** Opening Data supplied block **
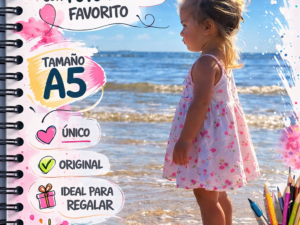 📓 Cuadernos Personalizados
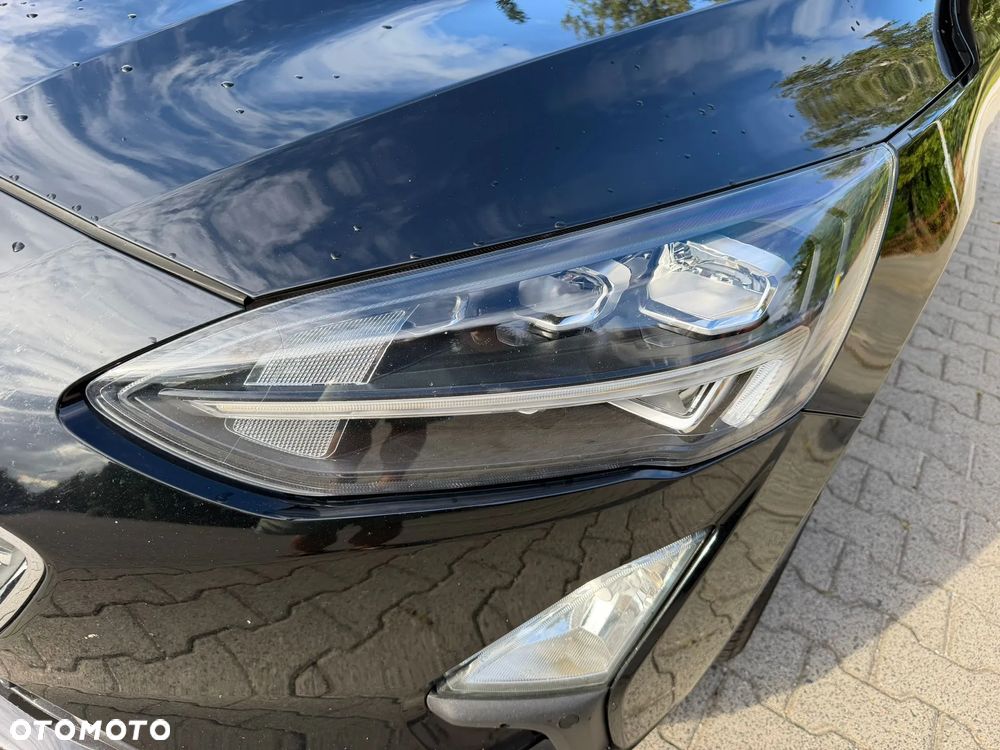 Ford Focus 2.0 EcoBlue Titanium Business - 9
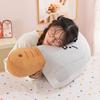 Creative abstract knife plush toy throw pillow funny kitchen knife doll machine exchange doll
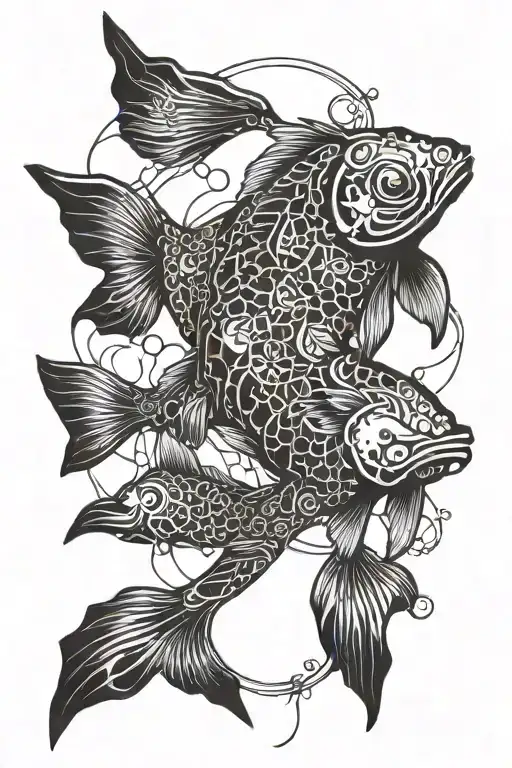 Koi Fish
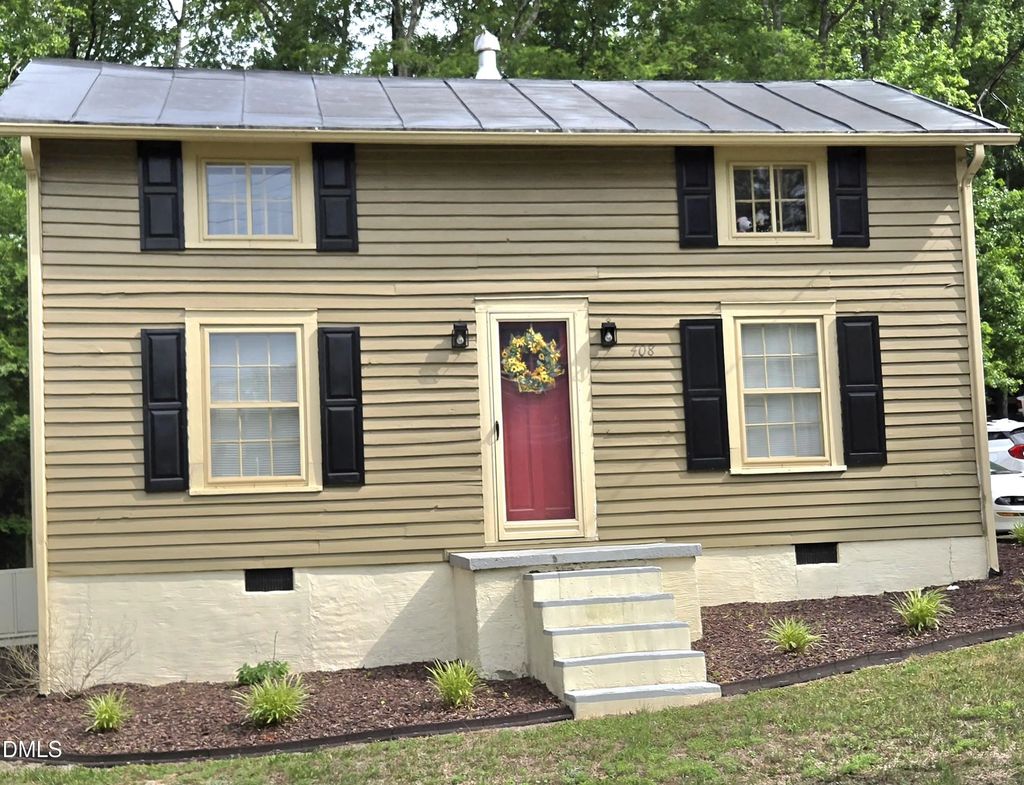 408 N Durham Avenue, Creedmoor
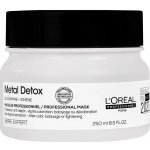 L'Oréal Série Expert Metal Detox Mask 250 ml – Zboží Dáma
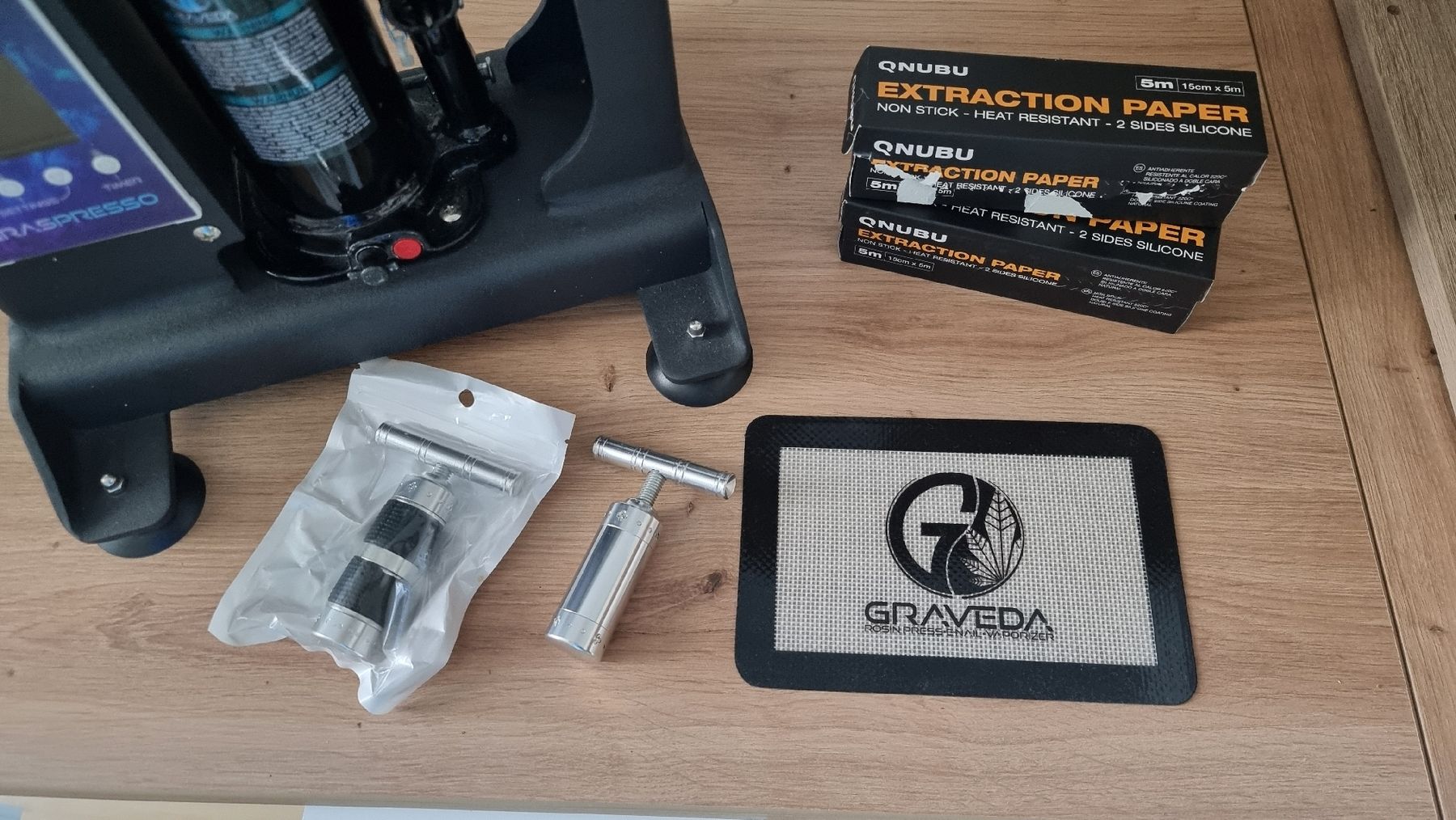 Alle Werkzeuge: Graveda Graspresso 10T GP6-10 – Gebraucht aus schwerzenbach von bru_pmd6 1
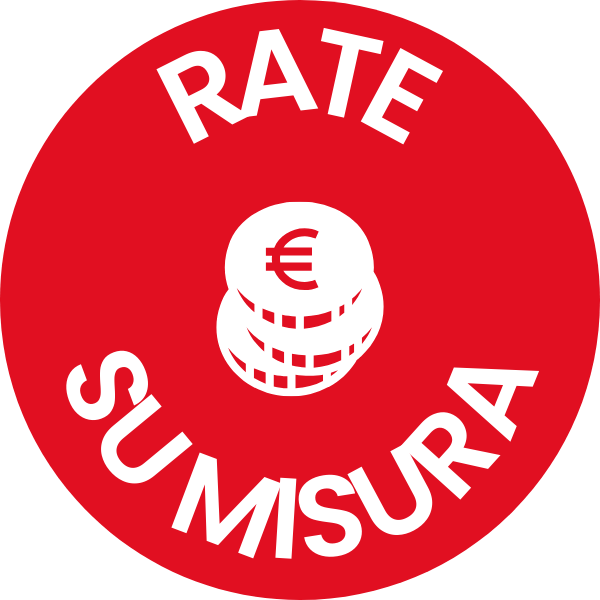 Rate su misura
** Closing Data supplied block **
When you return the records, keep every word unchanged and drop the pictures.

 📓 Cuadernos Personalizados
 Ford Focus 2.0 EcoBlue Titanium Business - 9
 Creative abstract knife plush toy throw pillow funny kitchen knife doll machine exchange doll
 Koi Fish
 408 N Durham Avenue, Creedmoor
 L'Oréal Série Expert Metal Detox Mask 250 ml – Zboží Dáma
 Alle Werkzeuge: Graveda Graspresso 10T GP6-10 – Gebraucht aus schwerzenbach von bru_pmd6 1
 Rate su misura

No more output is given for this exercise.